Officials were careful on Friday not to characterize the requests as the beginning of a new investigation, instead framing them as routine oversight. They come as Mr. Trump has moved aggressively in the wake of his impeachment acquittal to insert himself into Justice Department business.

“These circumstances are deeply troubling,” Representative Jerrold Nadler, Democrat of New York and the Judiciary Committee chairman, wrote in a letter to William P. Barr, the attorney general. “Although you serve at the president’s pleasure, you are also charged with the impartial administration of our laws. In turn, the House Judiciary Committee is charged with holding you to that responsibility.”

Mr. Nadler asked for materials related to a handful of criminal cases, including the sentencing of Roger J. Stone Jr., antitrust matters and a review by John H. Durham into the roots of Robert S. Mueller III’s investigation into 2016 Russian election interference and the Trump campaign. Democrats believe Mr. Durham’s inquiry is designed to undermine Mr. Mueller’s findings.

In most of the cases under scrutiny, Mr. Trump has blurred the lines that traditionally separate the White House from criminal enforcement matters, offering running commentary or outright rooting for a result on Twitter and in public comments. Documentary records and interviews with prosecutors could definitively show whether the department acted based on Mr. Trump’s statements or if the White House at any point issued more direct orders in private.

In the case of Mr. Stone, the president’s remarks on Twitter blasting the judge and Justice Department lawyers for recommending too harsh a sentence for his longtime friend and campaign adviser went so far that Mr. Barr delivered an extraordinary public rebuke, but only after senior department officials intervened to reverse the recommendation of career prosecutors and suggest a shorter sentence.

The attorney general said earlier this month that he would not be “bullied” into any result and warned that the president’s tweets made it “impossible for me to do my job and to assure the courts and the prosecutors in the department that we’re doing our work with integrity.”

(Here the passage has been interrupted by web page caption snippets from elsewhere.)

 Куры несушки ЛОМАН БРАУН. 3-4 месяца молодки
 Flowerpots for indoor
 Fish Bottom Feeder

Though tensions have eased somewhat in recent weeks, Mr. Barr remains in a precarious position. Mr. Trump has largely defied his request, continuing to tweet about the Stone case and forcing Mr. Barr to contemplate what it would take for him to resign. The Judiciary Committee’s scrutiny could only make things more difficult for the attorney general, whose actions have drawn intense criticism inside and outside the Justice Department for politicizing the law enforcement system.

Mr. Nadler cited those tensions as he asked for the materials by mid-March so the committee could study the matter before a planned hearing with Mr. Barr on March 31.

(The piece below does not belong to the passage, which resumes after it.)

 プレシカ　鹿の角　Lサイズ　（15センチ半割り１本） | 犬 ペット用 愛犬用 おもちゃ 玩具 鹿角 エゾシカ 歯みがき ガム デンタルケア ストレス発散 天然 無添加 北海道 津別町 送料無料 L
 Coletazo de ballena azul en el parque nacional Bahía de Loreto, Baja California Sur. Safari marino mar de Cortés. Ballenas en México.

If history is any guide, though, the exchange will not be an easy one. The department generally opposes handing over files related to ongoing matters, especially to lawmakers of another party, though it has made exceptions. And Mr. Nadler and Mr. Barr have particularly bad blood, stemming from the attorney general’s handling of the special counsel’s investigation. In a dispute over department files related to that case, the Judiciary Committee ultimately recommended holding Mr. Barr in contempt of Congress.

In addition to the Stone case and the Durham review, the committee requested information on the department’s handling of prosecution of Michael T. Flynn, Mr. Trump’s former national security adviser, and the imprisonment of Paul Manafort, his one-time campaign chairman. Mr. Nadler also said he would review the Justice Department’s legal opinion that an anonymous whistle-blower complaint related to Ukraine that ultimately helped prompt the impeachment inquiry not be handed over to Congress.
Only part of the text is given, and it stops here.